Abdib, an association of infrastructure companies, warns of the risks of ending incentives on infrastructure debentures and Development Credit Letters.
The Association of Bets and Fantasy Sports (ABFS) also criticized the measure. It claims that the increase in the tax burden on online betting undermines the operations of legalized companies and favors the parallel market.
According to the entity, this will reduce jobs and investments, as well as decrease revenue in the medium term.
Abrasca, which represents publicly traded companies listed on the B3, assessed that the tax increase on JCP discourages the capital market.
It also criticizes the limitation on the use of tax credits, as it may increase the indebtedness of companies.
What the MP 1,303 Provides
The provisional measure includes a set of actions. Among the main ones are:
- Online Bets: The rate increases from 12% to 18% on net revenue (GGR). Haddad argues that the sector has a gross profit of R$ 40 billion per year. The expectation is to collect R$ 1.7 billion in 2026.
- Interest on Own Capital: Taxation increases from 15% to 20%, with the potential to generate an additional R$ 5 billion.
- Incentivized Securities: LCI and LCA will be taxed at 5%. The government says the exemption costs R$ 41 billion per year and expects to collect R$ 2.6 billion in 2026.
- Financial Investments: Unification of the income tax rate at 17.5%. Currently, it varies between 15% and 22.5%. The measure does not generate fiscal impact.
- Cryptoassets: Gains will be taxed at 17.5%. The government did not disclose a revenue estimate.
- Fintechs and Cooperatives: Rates increase from 9% to up to 20%, depending on size. The expectation is to collect R$ 1.6 billion.
- Tax Compensations: New rules to curb abuses are expected to yield R$ 10 billion in 2026.

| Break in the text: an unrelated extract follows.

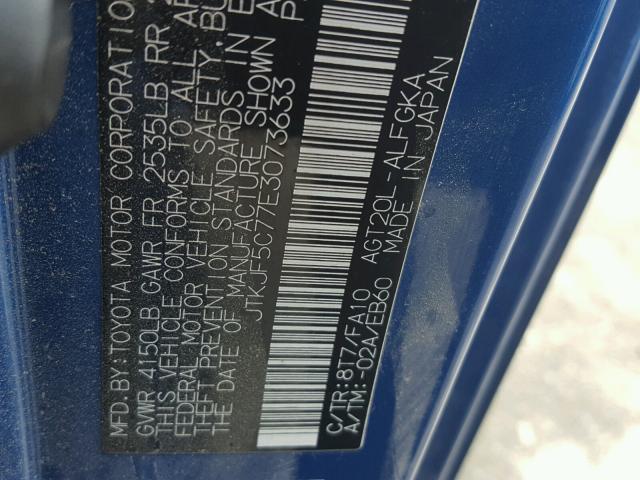 JTKJF5C77E3073633 - 2014 TOYOTA SCION TC 蓝色 照片 10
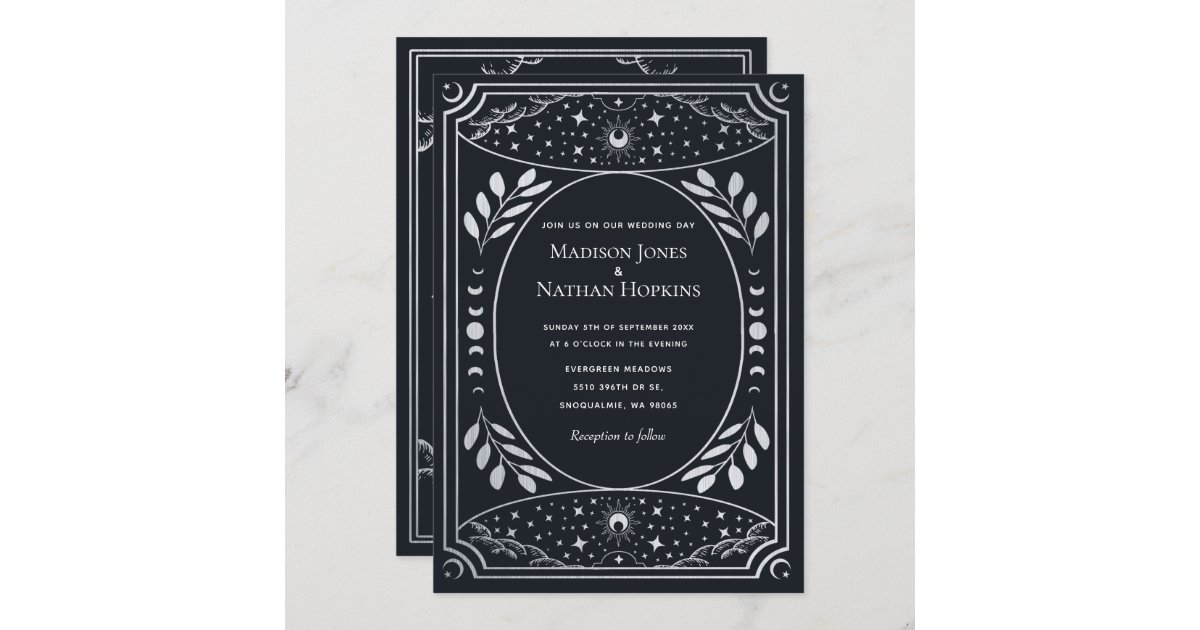 Silver Elegant Tarot Card Wedding Invitation | Zazzle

- Education: The Pé de Meia program, aimed at keeping students in high school, will now be part of the constitutional investment floor. This opens up R$ 12 billion in the budget but reduces available resources for other areas of education.
The Challenge for Congress
The government is counting on the approval of the PM by early October.
Otherwise, it loses validity and leaves a hole in the accounts.
The challenge is significant, as criticisms from the productive sector have gained support from lawmakers concerned about the economic impact of the measures.
Minister Haddad insists that the additional revenue is essential to meet the fiscal framework. Without it, he argues, the country will face even greater spending restrictions in 2026.
The opposition, in turn, accuses the government of raising taxes without addressing the problem of public spending.